This chapter does not prohibit the sale of any endangered species or threatened species, or any part or product thereof, when the owner can demonstrate that the species, or part or product thereof, was in the person's possession before the date upon which the commission listed the species as an endangered species or threatened species or as an endangered animal or rare animal prior to January 1, 1985, and shall not prohibit the sale of that part or product by an individual not normally engaged in that sale if it was originally possessed by the seller for the seller's own use and so used by that seller. However, it shall be unlawful to sell any species, or part or product thereof, if that sale would have been unlawful prior to the date upon which the commission added the species to the listing of endangered species or threatened species or to the listing of endangered animals or rare animals prior to January 1, 1985.

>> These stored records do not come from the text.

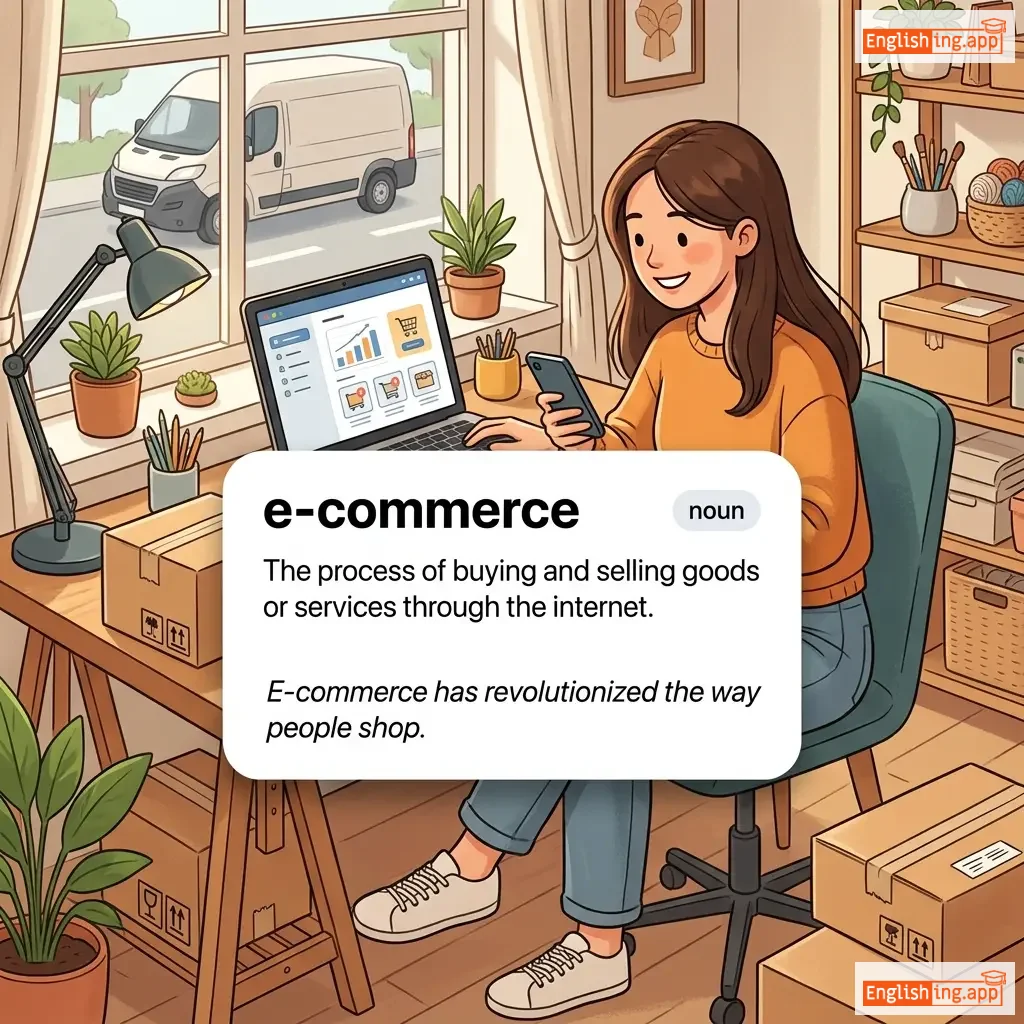 e-commerce definition card — visual illustration of the meaning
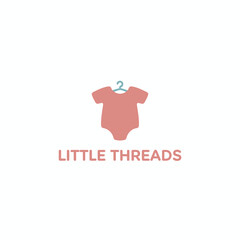 A pink onesie icon with a blue hanger, below text in same color of the onesie, all on a white background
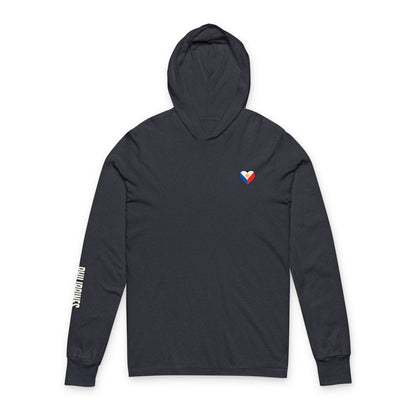 Philippine Flag Heart Hooded Tee — Philippines Map Back Long Sleeve Hooded Shirt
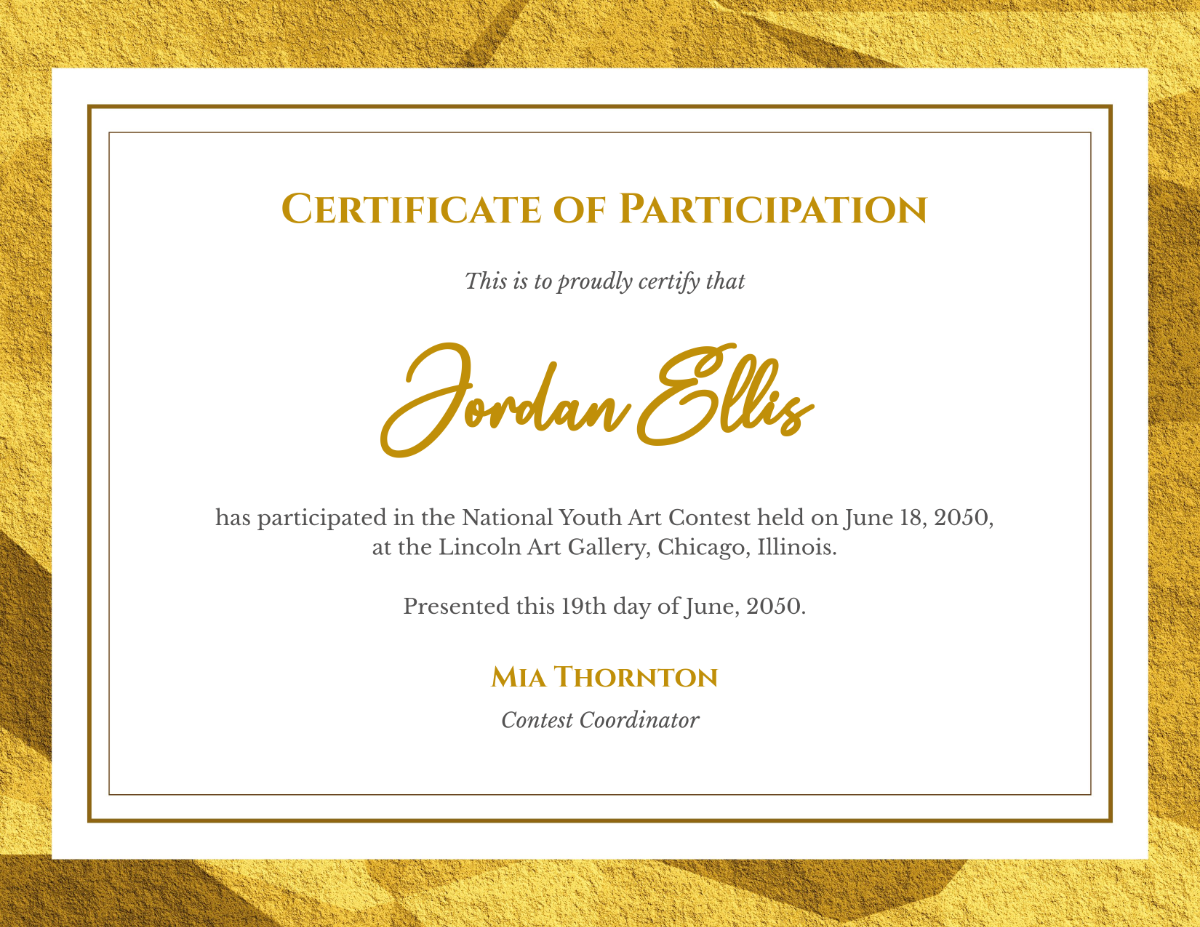 Free Printable Participation Certificate Templates To Customize Online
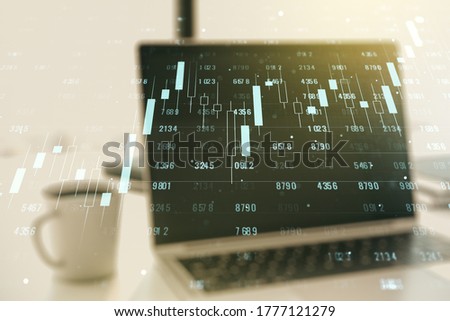 Multi exposure of abstract graphic data spreadsheet sketch on modern computer background, analytics and analysis concept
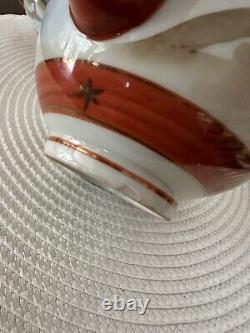 Japan KUTANI Porcelain GEISHAS Scenery Teapot Creamer Sugar Tea Cup Saucer Vtg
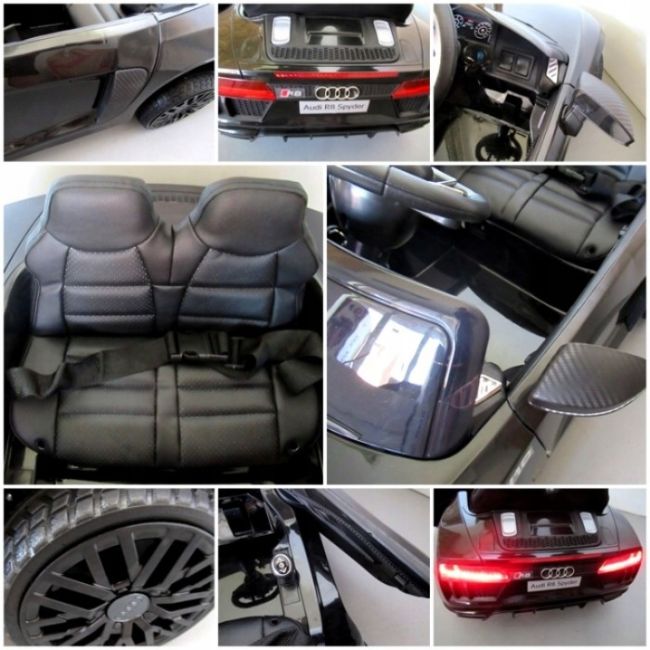 Masinuta electrica cu telecomanda, roti eva, scaun piele audi r8 r-sport - negru edeedir8elnegru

This chapter does not apply to the taking of fish otherwise authorized pursuant to Part 3 (commencing with Section 7600) of Division 6 or to the possession of individual animals which were lawfully possessed before the commission listed the species as an endangered species or as a threatened species or as an endangered animal or rare animal prior to January 1, 1985.
The commission may authorize, subject to terms and conditions it prescribes, the taking of any candidate species, or the taking of any fish by hook and line for sport that is listed as an endangered, threatened, or candidate species.
The provisions of this article shall apply to any species designated as a candidate species under Section 2074.2 if notice has been given pursuant to Section 2074.4.